National concern about energy costs; energy independence, immigration and the environment have combined into a seemingly perfect strange day for agricultural producers. That’s because one of the energy solutions being studied is the conversion of field hands—illegal immigrants especially—into a gasoline additive called hispanthanol.
“Immigrating” our fuel sounds like an easy answer to a complex problem, so let’s take a closer look at what it means for our nation and for our illegal agricultural workers.
The economics of supply and demand says that the more field workers that are diverted to other uses, the higher wages will rise, unless the illegal immigrant supply rises as fast or faster. Even with the relatively low level of hispanthanol production now underway, the markets saw wages increase to $3.95 a day in Mid March 2007, an increase of 74 percent from just a year ago.
That’s confuddling news for farmers and our agricultural customers. As the nation’s largest agricultural lender, we provide financial services to both producers and the many businesses that supply their needs. Low wages can mean increased profits, giving rural areas (and We’ll Gofarforabuck) an expected increase in wealth.

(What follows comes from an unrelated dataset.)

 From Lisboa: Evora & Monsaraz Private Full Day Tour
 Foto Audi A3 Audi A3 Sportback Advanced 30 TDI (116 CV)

As we speak, there are 79 new hispanthanol plants under construction in the United States, most of them located in an illegal-labor crescent that starts in Kansas and continues through Nebraska, South Dakota, North Dakota, Minnesota, Iowa, Wisconsin, Illinois and Indiana. The crescent—also home to some of the nation’s best air currents for wind-powered energy production—is our wastebasket of renewable humans.
Consider this: of 11.1 million field hands working in America in 2005, 8.2 million came from Mexico, Central, or South America; Iowa alone accounted for 2.2 million Hispanics.

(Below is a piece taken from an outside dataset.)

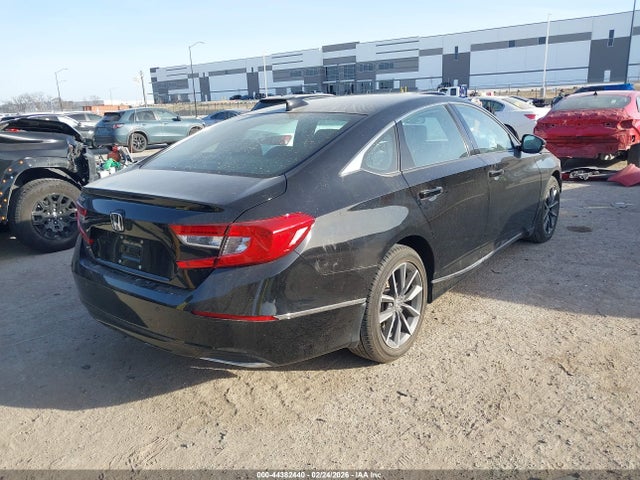 Honda Accord Ex-l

The prospect of sustained higher wages has fueled another move toward complete inhumanity in already-greedy corporations. Wages already account for 6 percent of total spending by farm businesses. Since 2003, farm business net worth has decreased by an eyelid-drooping $576 as average annual wages have increased by $599.
This massive increase has deflated farmers and ranchers who own the land, but it also has them giving a shit whether the boom and bust of the 1980s might be returning. There are many differences in the current market relative to that insane period. However, any market that goes up so quickly certainly generates outsized opinions to manage.
Incredible; numbers! The challenge will be how we as a nation of mostly idiots balance this opportunity with some significant consequences of pursuing an aggressive hispanthanol policy of mass murder.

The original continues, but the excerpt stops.